Je suis bien loin de désirer une ligue contre le Turc. Les croisades ont été si ridicules qu'il n'y a pas moien d'y revenir; mais j'avoue que si j'étais Vénitien j'opinerais pour envoier une armée en Candie, pendant que Vôtre majesté battrait les Turcs vers Yassi ou ailleurs. Si j'étais un jeune Empereur des Romains la Bosnie et la Servie me verraient bientôt, et je viendrais ensuite vous demander à souper à Sophie ou à Philippopolis de Romanie, après quoi nous partagerions à l'amiable.

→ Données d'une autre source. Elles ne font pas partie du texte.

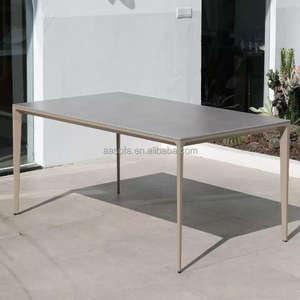 Table à manger d'extérieur <span class=keywords><strong>Cadillac</strong></span> Football Aluminium Router Insert Plate for Pool for <span class=keywords><strong>Hotel</strong></span> Use Factory Sale - Product Image 5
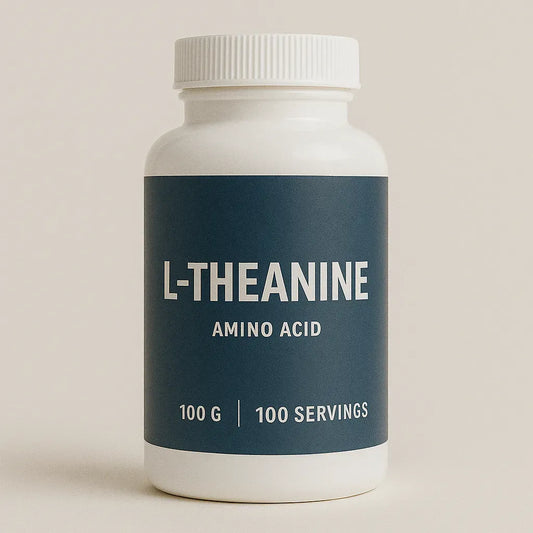 L-Theanine capsules – calming amino acid supplement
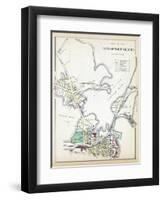 1892, Portsmouth 3, New Hampshire, United States-null-Framed Premium Giclee Print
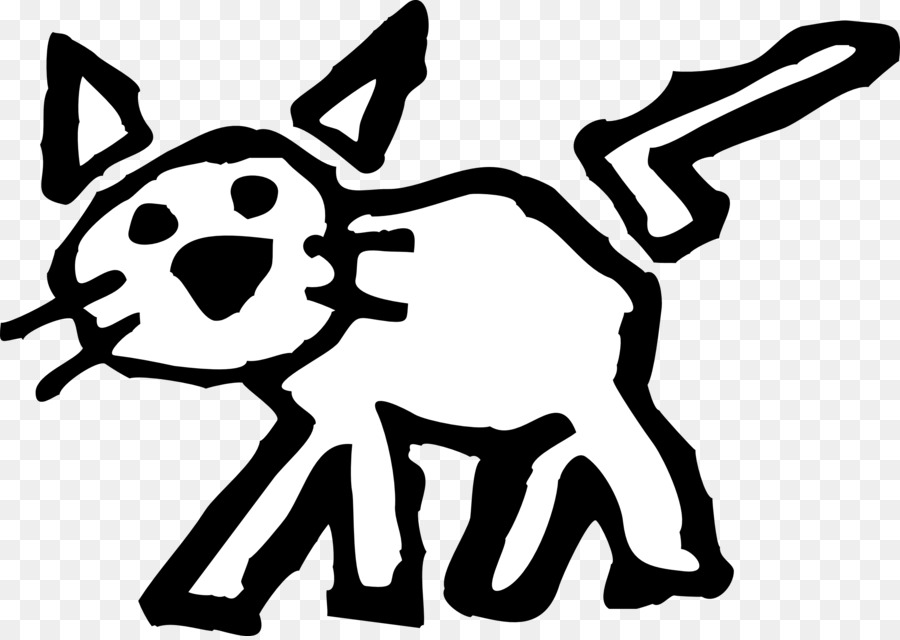 Felix die Katze, Kätzchen Cartoon Clip art - Weiß Cartoon Cliparts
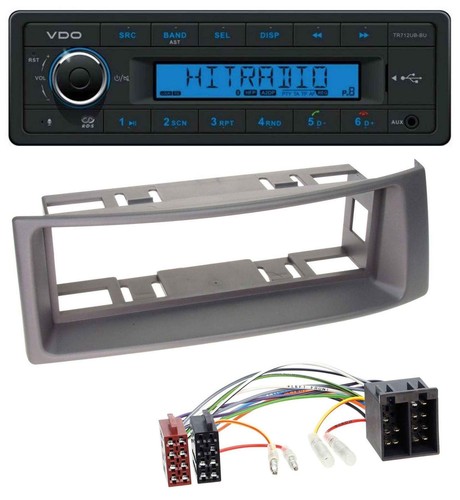 Autoradio vdo bluetooth aux - autoradio,
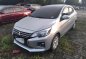 White Mitsubishi Mirage g4 2022 for sale in Manual-0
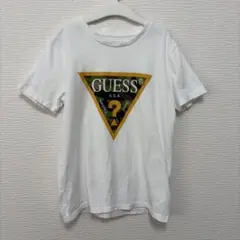 GUESS Tシャツ ホワイト カモフラージュロゴ キッズ 130のサムネイル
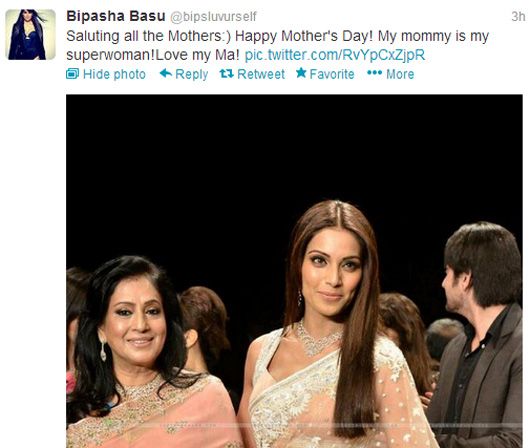 Bipasha Basu's tweet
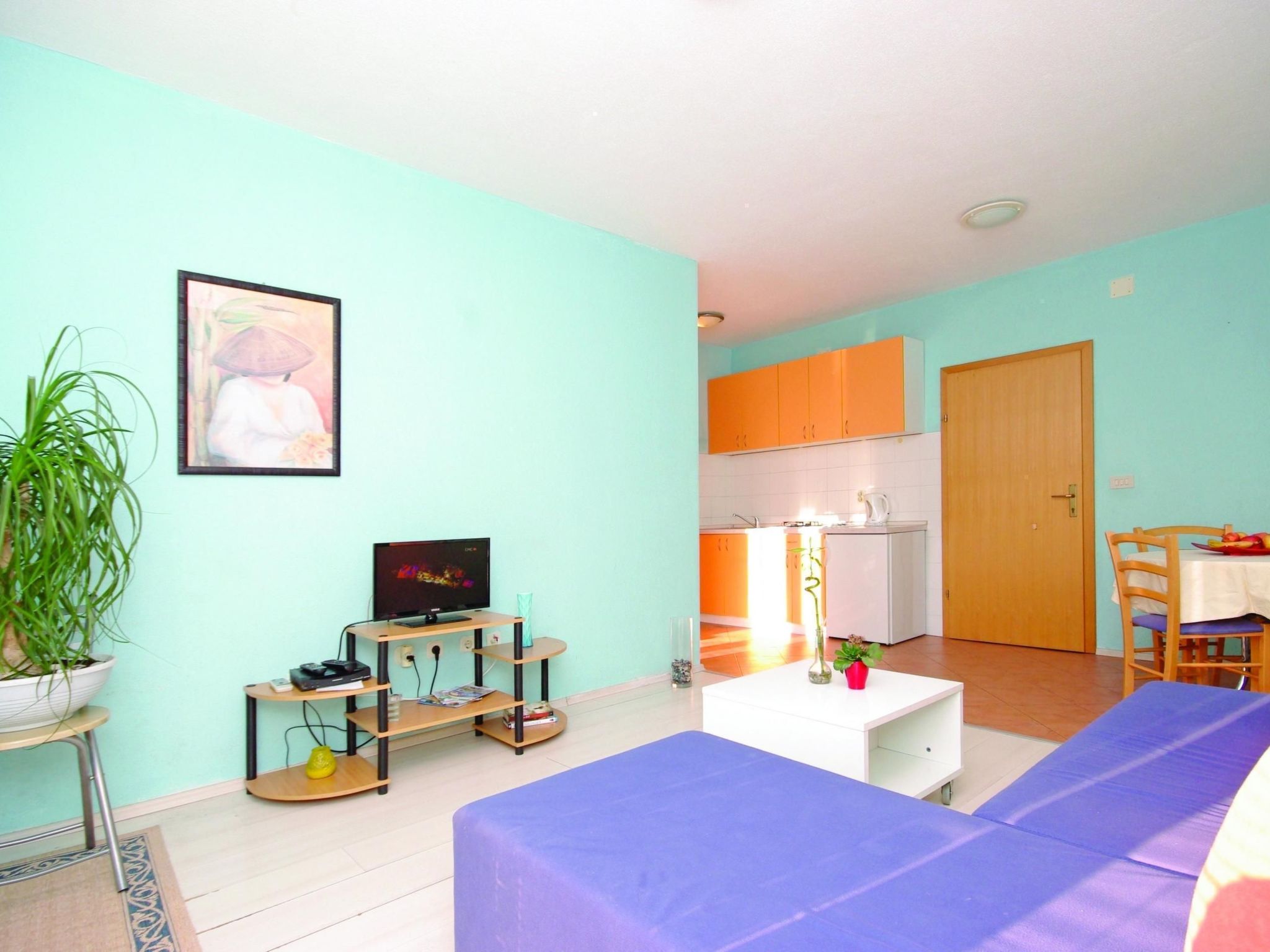 Große Wohnung in Zelenka mit Eigenem Parkplatz-Inside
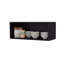Armoire murale avec rangement ouvert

Je vous suplierais de permettre que le nonce du Pape en Pologne qui a déchaîné si saintement les Turcs contre la Tolérance, fût du souper; car je suppose qu'il serait vôtre prisonier. Je crois, Madame, que Vôtre Majesté lui en dirait tout doucement de bonnes sur l'horreur et l'infamie d'avoir éxcité une guerre civile pour ravir aux Dissidents les droits de la patrie, et pour les priver d'une liberté que la nature leur donnait, et que vos bienfaits leur avaient rendue. Je ne sais rien de si honteux et de si lâche dans ce siècle. On dit que les jésuites polonais ont eu une grande part aux st Barthelemi continuelles qui désolent ce malheureux païs. Ma seule consolation est d'espérer que ces turpitudes horribles tourneront à vôtre gloire. Ou je me trompe fort, ou vos ennemis ne seront parvenus qu'à faire graver sur vos médailles, Triomphatrice de l'Empire ottoman, et pacificatrice de la Pologne.

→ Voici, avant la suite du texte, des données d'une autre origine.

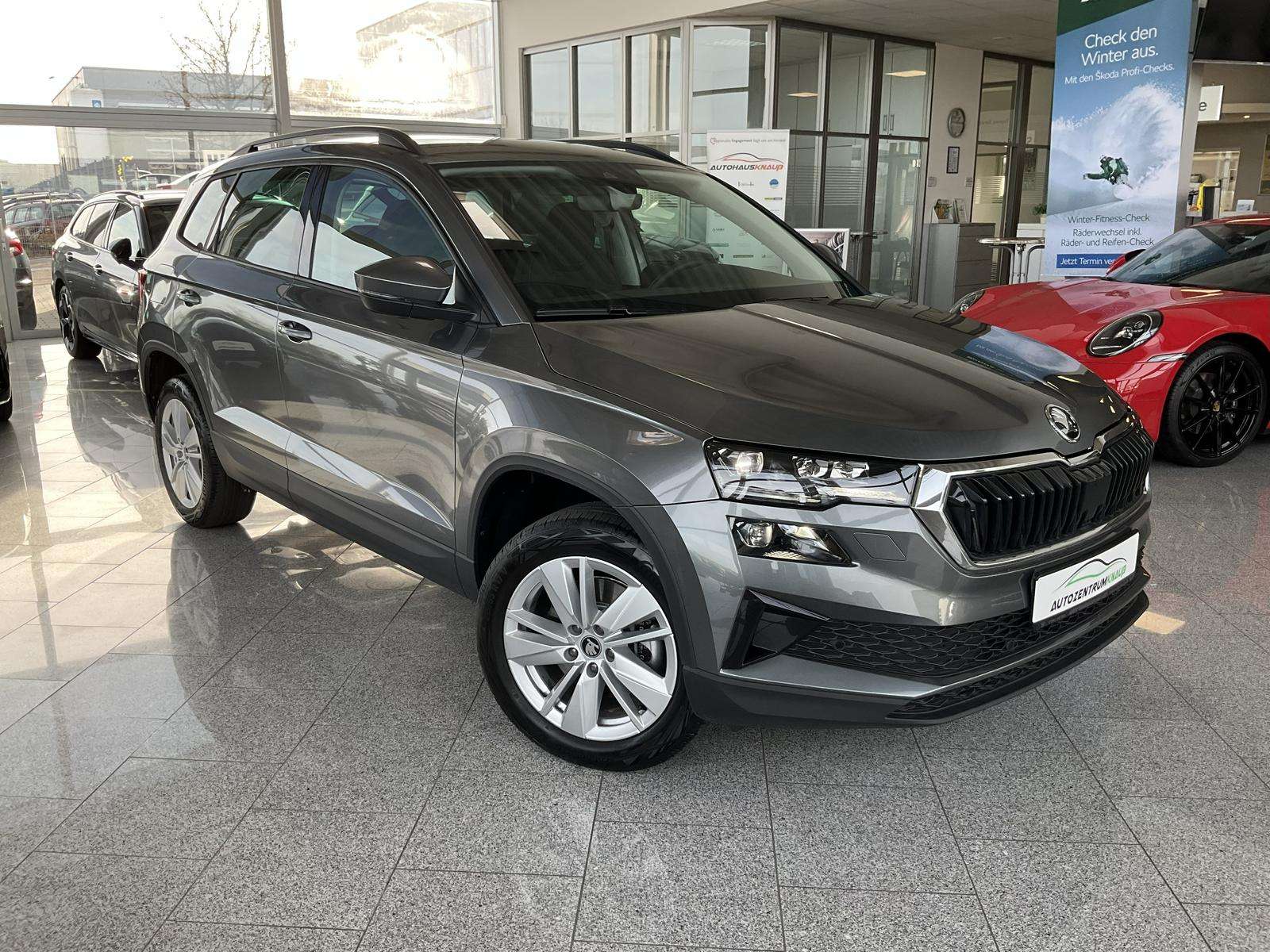 Fahrzeugbild eines Skoda Karoq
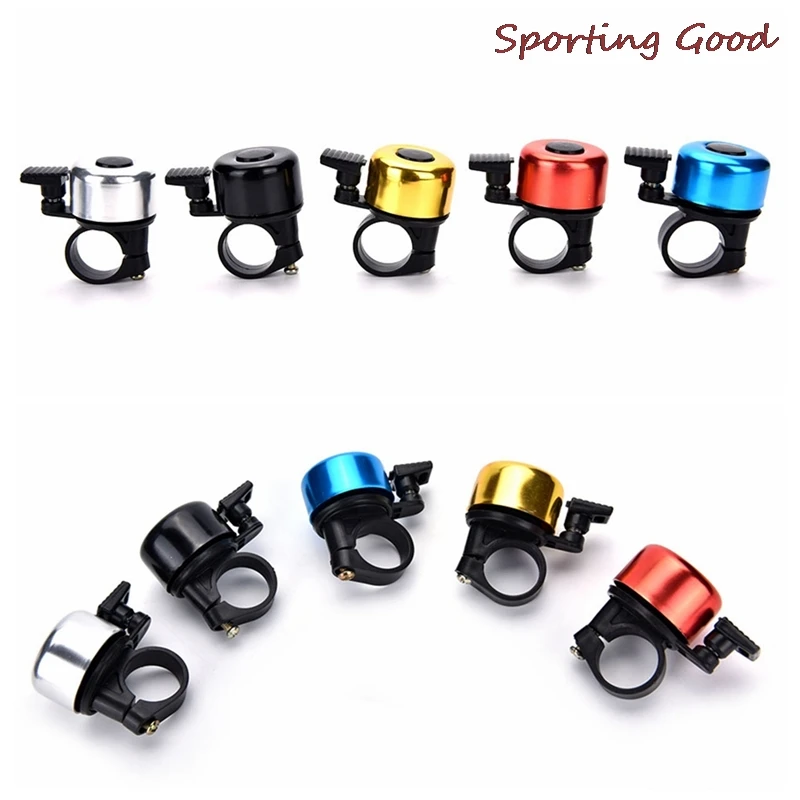 Aluminum Alloy Loud Sound Bicycle Bell Handlebar Safety Metal Ring Environmental Bike Cycling Horn Multi Colors
Aluminum Alloy Loud Sound Bicycle Bell Handlebar Safety Metal Ring Environmental Bike Cycling Horn Multi Colors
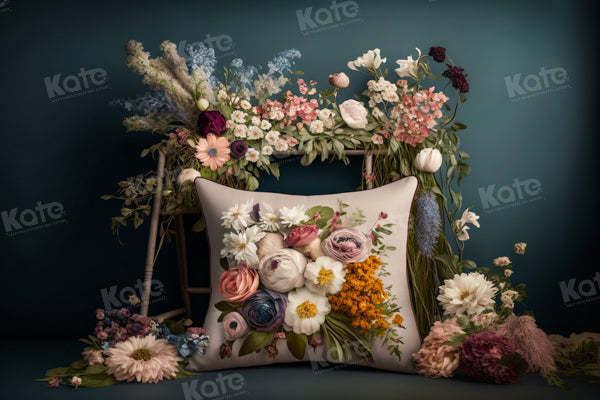 Kate Boho Vintage Flower Backdrop Designed by Chain Photography - Kate Backdrop AU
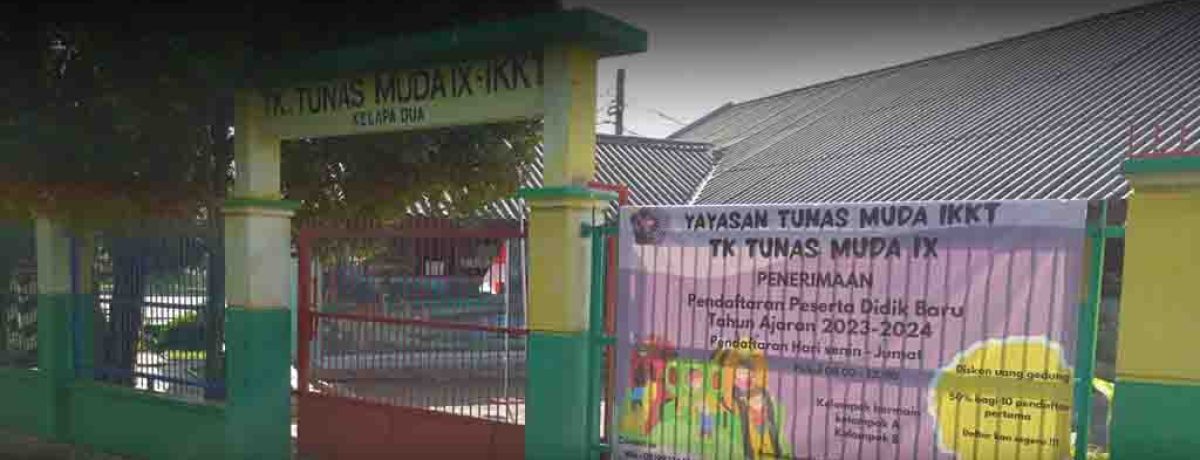 TK Tunas Muda IX IKKT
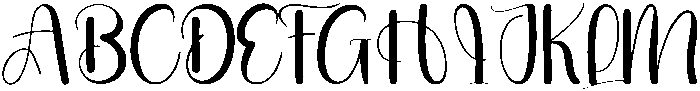 Stayhome Regular otf (400) Font UPPERCASE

Je viens à mon jeune Galatin pour lequel je me jette aux pieds de Vôtre Majesté, en vous fesant les remerciements les plus sincères. Je veux qu'il aprenne le Russe et l'alleman dans vos états, et non pas en Saxe. Je voudrais pouvoir multiplier le nombre de vos sujets. Il a trop d'esprit pour vouloir rien aprendre du fatras des universités allemandes, qui sont encor plus ridicules que les nôtres: des Ecoles dont la première est la théologie, sont les petites maisons de Paris, ou le Bedlam de Londre. Je ne sais pas comment on appelle les petites maisons de Moscou, mais je sais bien qu'il aurait fallu y renfermer tous vos théologiens, si vos loix et vôtre puissance n'avaient fait pénétrer la raison dans les repaires de la démence.

La mère du jeune Galatin m'écrit dans ce moment que son fils qui s'est fait inoculer a eu deux grains de petite vérole dans les yeux. Je ne voudrais pas présenter à votre majesté un borgne. J'attendrai qu'il soit guéri de cet accident qui est assez considérable.

Que votre majesté impériale daigne agréer les sincères remerciements, l'attachement et le profond respect du solitaire de Ferney.